Quando soube do lançamento do filme autobiográfico sobre Freddie Mercury e os Queen, “Bohemian Raphsody”, comentei com o meu cunhado e Amigo, Fernando Dias, que sabia grande fã da banda, que teria todo o gosto de poder assistir ao seu lado. Como sou de palavra, quando soube pela sua Maria, minha afilhada, que viria a Portalegre, agendei logo para estarmos presentes. Foi, afinal, o melhor que fiz, porque as sessões disponíveis esgotaram, provando que a devoção pela banda ainda está bem viva.




Naquela sala completa, aconteceu a magia do cinema, porque, partindo do pressuposto que aquilo a que assistimos é baseado em factos e acontecimentos reais, fiquei fã do Homem e da banda.

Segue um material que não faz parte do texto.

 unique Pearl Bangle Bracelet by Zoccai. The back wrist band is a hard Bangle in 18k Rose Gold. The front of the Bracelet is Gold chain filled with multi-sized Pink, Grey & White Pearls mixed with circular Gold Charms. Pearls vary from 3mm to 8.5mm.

Tenho de confessar que sou um indivíduo que por mais aberto que queira ser, sou preconceituoso, tradicional e limitado. Sempre tive dificuldade em aceitar uma banda com um vocalista e frontman que sempre se assumiu como gay deliberado. Eu sempre o “conheci” assim, e sempre me pareceu que as palavras que cantava eram destinadas a… homens, o que fazia com que não encaixassem em mim. Atenção que uma das minha bandas de eleição são os Smiths, e o seu vocalista Morrissey, é um homossexual assumido mas… sempre me pareceu que dissimulava mais, que não era tão explícito, o que se coaduna com a minha opinião com essa matéria: cada um ama quem quer, devemos compreendê-lo e aceitá-lo por isso. Mas, uma coisa é um homem que gosta de homens, com eles mantém a sua intimidade e sexualidade, em privado; outra coisa é uma bicha cadela histérica, cheia de trejeitos, tiques, e toques. Sempre achei que o Freddy era um desses. Acho que por isso, nunca fui fã, nem nada que se parecesse.

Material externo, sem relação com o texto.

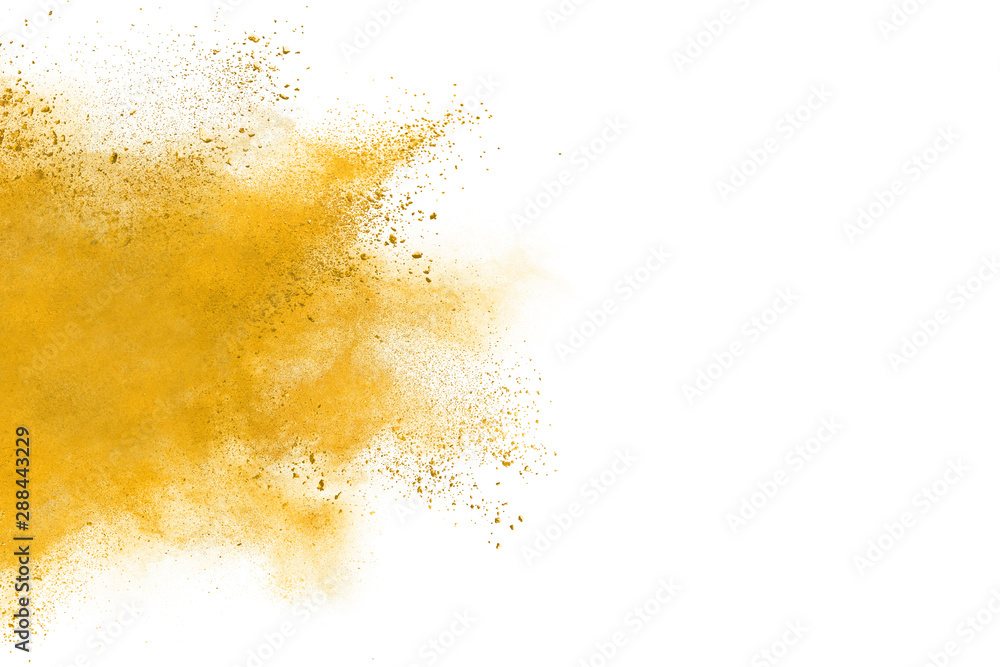 Yellow powder explosion on white background. Colored cloud. Colorful dust explode. Paint Holi.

Depois, a minha onda sempre foi muito mais de rock’n’roll. Sempre fui de Rolling Stones, sempre fui de Beatles, sobretudo na fase “Revolver”, embora adorasse a fase ié-ié das gravações da BBC que ouvi até à exautão, onde dissecaram os seus ídolos do rock’n’roll primário (Chuck Berry, Bill Haley and the Comets, Little Richard, Elvis the King, Buddy Holly). Sobretudo, sempre fui dos Doors, a maior banda de sempre, encabeçada pelo maior poeta, cantor, artista, performer da história da música: o Rei Lagarto. Ainda hoje sei que só em pensar em ouvir os vinis todos de empreitada, que redescobri há dias, parece que entro noutra dimensão.


Aconteceu magia porque descobri um Freddie que não conhecia, com características que achei muito interessantes. Descobri um Freddie rebelde, que adorava ir contra convenções e estereótipos (we are misfits, playing for misfits); um Freddie visionário, sobretudo na sua concepção musical (mais visível na integração de elementos sinfónicos na composição, e na forma de gravar instrumentos em estéreo), um Freddie apaixonado pela vida e pelo facto de estar vivo, um Freddie excêntrico (o episódio da festa em sua casa onde manda entrar anões e coxos, padres e loucos, entre outras figuras desalinhadas da sociedade, é emblemático). Descobri um Freddie que… passei a gostar.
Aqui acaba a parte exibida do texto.